School also focusses on transforming the lives of its pupils. “The kids who come to our school are disrespected and abused by society. When they come in, they are full of anger and aggression. But as they study and learn new skills, they become more empathetic, optimistic and confident. In fact we have a 13-year-old who could barely speak when she joined three years ago. But now, she is not only excelling academically but is also tutoring two kids from a local English-medium school in her spare time,” says Sarma.

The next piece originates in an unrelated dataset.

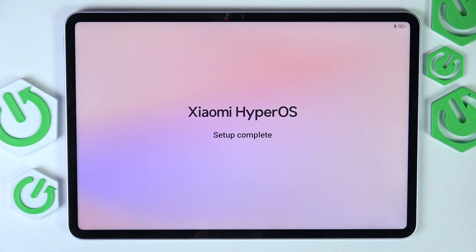Hello, in this video I'm going to show you the first things that I recommend doing after setting up your Xiaomi Pad 7.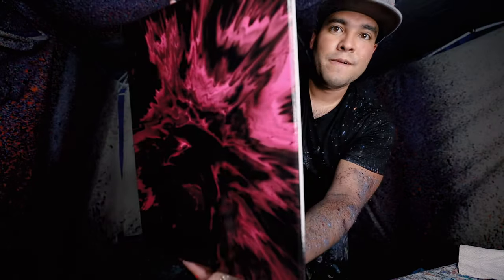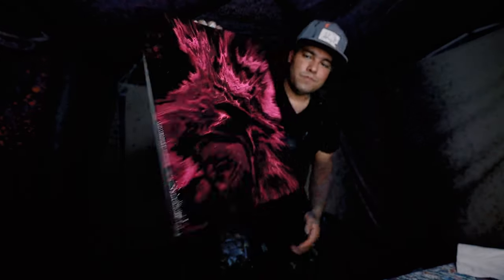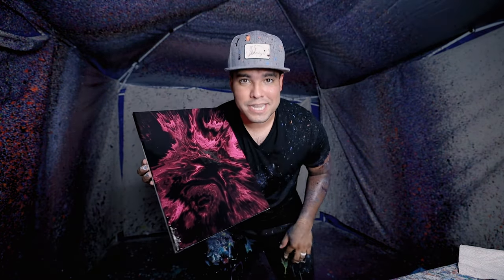Look at that. Yo, look at this. I think that looks pretty dope. Well, hope you guys liked it. I liked it and I'll catch you guys in the next one. Peace.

“We try to teach students to take responsibility for their surroundings and to strive to improve them,” says Sarma. “As we collect at least 25 units of plastic every week from each student, we are able to muster upwards of 10,000 pieces of plastic each month. These are transformed into eco-bricks for construction. The clouds of toxic smoke from plastic burning which used to plague the school have decreased significantly.”
Appraisals & Support
The couple have now signed with the Guwahati authorities to implement Akshar in five government schools and plans to start a sustainable landscaping course. B Kalyan Chakravarthy, principal secretary of Assam’s Education department praises the school and affirms the idea of spreading Akshar across government schools.
Mukhtar and Sarma are happy that the community is behind them. “The children are learning new things every day. They love coming to school so much that they don’t want holidays,” says Sarma.